You trust that they’ll let you access your money.

You trust that they’ll successfully transfer your money when you need to transfer it.

And, you trust that they will not lie about your account balance.

That’s a lot of trust to put in a company that may or may not have your best interest at heart.

Although this may not seem like a problem in a country like the United States, this level of trusted power has bred corruption around the world.

Take Venezuela for example:

2017 Venezuelan protests

The economic crisis in the South American country has gotten to the point where the Venezuelan banking authority now has control over how much money citizens can withdraw from banks each month. Moreover, the bolivar has lost 98% of its value in just one year, causing people to lose their life savings and making their future highly uncertain.

Or how about Cyprus:

During the 2012 financial crisis people were only able to withdraw €300 in cash per day. Some banks, in order to not run out of cash, dropped the limit to €100 per day. It was even worse for people people who had saving accounts that exceeded €100,000. At the Bank of Cyprus, the largest local bank, people whose deposits exceeded €100,000 lost around 48% of total deposits - leading to a total loss of roughly 4 billion euros.

Because the bank is in control of your funds, there’s not much you can do about those restrictions and losses.

Enter the “trustless” blockchain. With blockchain, there’s no need to rely on a centralized third-party. You don’t need to trust a bank or a government to protect your money. You know that your balance on the blockchain is exactly what you own, and you can access or transfer it at any time.

For some economies, the current state of blockchain may provide enough benefits to justify adoption.

But for systems that aren’t broken, simply inefficient, it’s going to take more work until the benefits outweigh the risks.

Adoption is risk vs reward

Adoption will not happen until the reward outweighs the risk — an equation that is different for every potential participant. But for many, the risk (perceived or real) is still too high.

Wow, fancy graphic

On the reward side, there are many teams working on improvements like increasing throughput, reducing transactions costs, and providing privacy solutions. But for many, the uncertain feasibility and timeline for these solutions actually increases the risk of adoption.

Meanwhile, the risk side of the equation only seems to be getting worse. With hacks, regulatory uncertainty, and dramatic price swings, trust in blockchain technologies continues to be tested.

Let’s work to maximize trust

Blockchain technology creates the opportunity to distribute trust, but that comes with a new set of challenges.
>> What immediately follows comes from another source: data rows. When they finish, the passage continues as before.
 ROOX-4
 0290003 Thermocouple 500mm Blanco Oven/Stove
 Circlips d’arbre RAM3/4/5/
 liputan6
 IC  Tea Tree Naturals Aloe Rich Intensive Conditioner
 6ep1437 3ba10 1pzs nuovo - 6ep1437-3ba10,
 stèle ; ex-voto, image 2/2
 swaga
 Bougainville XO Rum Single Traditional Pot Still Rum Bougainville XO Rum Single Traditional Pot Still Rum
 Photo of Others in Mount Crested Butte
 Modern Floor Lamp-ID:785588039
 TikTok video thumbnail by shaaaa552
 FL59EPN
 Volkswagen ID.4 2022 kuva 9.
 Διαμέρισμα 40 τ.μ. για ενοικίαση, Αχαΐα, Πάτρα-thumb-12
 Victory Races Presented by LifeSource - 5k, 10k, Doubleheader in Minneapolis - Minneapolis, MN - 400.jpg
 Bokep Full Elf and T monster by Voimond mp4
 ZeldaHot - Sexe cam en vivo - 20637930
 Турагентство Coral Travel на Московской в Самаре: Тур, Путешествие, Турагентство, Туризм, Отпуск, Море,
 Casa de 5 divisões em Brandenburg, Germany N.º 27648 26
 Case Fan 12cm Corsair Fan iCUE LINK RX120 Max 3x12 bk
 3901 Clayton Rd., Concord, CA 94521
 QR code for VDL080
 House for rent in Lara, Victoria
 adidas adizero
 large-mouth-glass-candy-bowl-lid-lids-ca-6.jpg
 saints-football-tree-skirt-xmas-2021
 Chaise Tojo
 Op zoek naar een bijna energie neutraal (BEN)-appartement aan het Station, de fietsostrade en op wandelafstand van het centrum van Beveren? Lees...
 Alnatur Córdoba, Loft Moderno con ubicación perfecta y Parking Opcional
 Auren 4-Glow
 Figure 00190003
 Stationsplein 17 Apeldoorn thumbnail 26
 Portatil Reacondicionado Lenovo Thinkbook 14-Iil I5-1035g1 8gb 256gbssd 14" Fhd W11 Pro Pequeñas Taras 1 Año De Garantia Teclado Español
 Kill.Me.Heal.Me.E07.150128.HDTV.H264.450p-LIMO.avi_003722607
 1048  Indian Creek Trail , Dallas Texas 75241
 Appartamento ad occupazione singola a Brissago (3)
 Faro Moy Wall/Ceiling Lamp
By acknowledging that trust hasn’t disappeared, it has merely shifted, we can focus on how to maximize trust in its new locations.

We will need ‘trusted parties’ to review code, read white papers, and oversee governance. Whether this is mandated by a government or not, oversight is in the best interest of the blockchain ecosystem.

Improving trust for individuals may mean some centralization. It is not a secret that many apps built on blockchain still utilize centralized services. Especially at the onset, it does not need to be all or nothing. User experience still matters.

Even with improvements to blockchain performance, mainstream adoption will only happen when we can solve these trust issues — not removing trust, but maximizing it.